On 3/5/2019 10:02 PM, [email protected] wrote:
On Saturday, March 2, 2019 at 2:29:50 AM UTC-7, [email protected]
wrote:
On Friday, March 1, 2019 at 10:14:02 PM UTC-7, [email protected]
wrote:
On Thursday, February 28, 2019 at 12:09:27 PM UTC-7, Brent wrote:
On 2/28/2019 4:07 AM, [email protected] wrote:
On Wednesday, February 27, 2019 at 8:10:16 PM UTC-7,
Brent wrote:
On 2/27/2019 4:58 PM, [email protected] wrote:
*Are you assuming uniqueness to tensors; that only
tensors can produce covariance in 4-space? Is that
established or a mathematical speculation? TIA, AG *
That's looking at it the wrong way around. Anything
that transforms as an object in space, must be
representable by tensors. The informal definition of
a tensor is something that transforms like an object,
i.e. in three space it's something that has a
location and an orientation and three extensions.
Something that doesn't transform as a tensor under
coordinate system changes is something that depends
on the arbitrary choice of coordinate system and so
cannot be a fundamental physical object.
Brent
1) Is it correct to say that tensors in E's field
equations can be represented as 4x4 matrices which have
different representations depending on the coordinate
system being used, but represent the same object?
That's right as far as it goes. Tensors can be of any
order. The curvature tensor is 4x4x4x4.
2) In SR we use the LT to transform from
one*non-accelerating* frame to another. In GR, what is
the transformation for going from one *accelerating*
frame to another?
The Lorentz transform, but only in a local patch.

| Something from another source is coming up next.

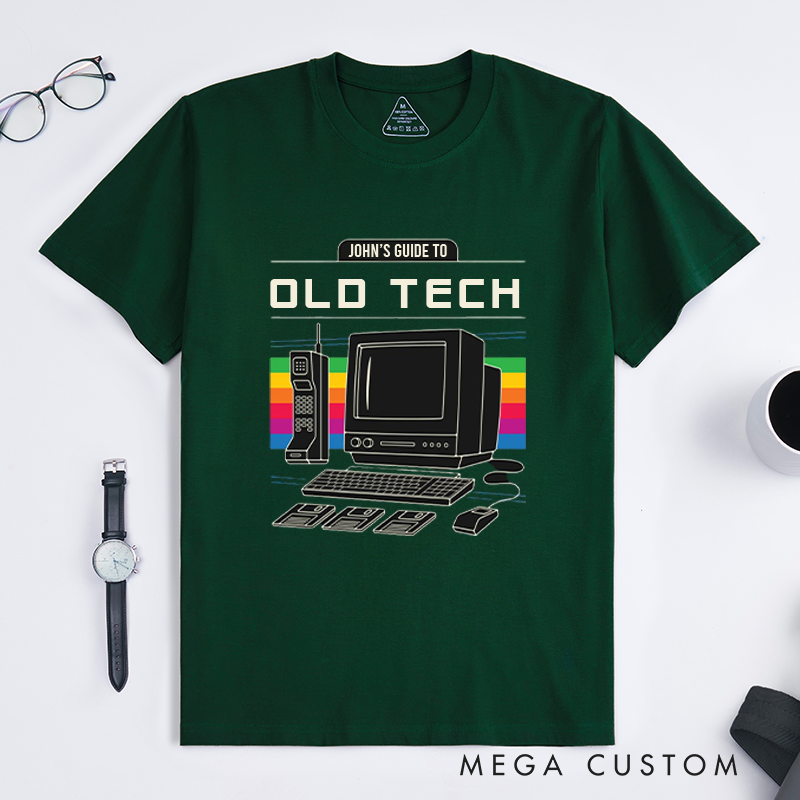 Personalized Guide To Technology T-Shirt Retro Technology Shirt Gift Geek Nerd Computer lover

*That's what I thought you would say. But how does this
advance Einstein's presumed project of finding how the laws of
physics are invariant for accelerating frames? How did it
morph into a theory of gravity? TIA, AG *
*Or suppose, using GR, that two frames are NOT within the same
local patch. If we can't use the LT, how can we transform from
one frame to the other? TIA, AG *
*
*
*Or suppose we have two arbitrary accelerating frames, again NOT
within the same local patch, is it true that Maxwell's Equations
are covariant under some transformation, and what is that
transformation? TIA, AG*
*I think I can simplify my issue here, if indeed there is an issue:
did Einstein, or anyone, ever prove what I will call the General
Principle of Relativity, namely that the laws of physics are invariant
for accelerating frames? If the answer is affirmative, is there a
transformation equation for Maxwell's Equations which leaves them
unchanged for arbitrary accelerating frames? TIA, AG
*
Your question isn't clear. If you're simply asking about the equations
describing physics/*as expressed*/ in an accelerating (e.g. rotating)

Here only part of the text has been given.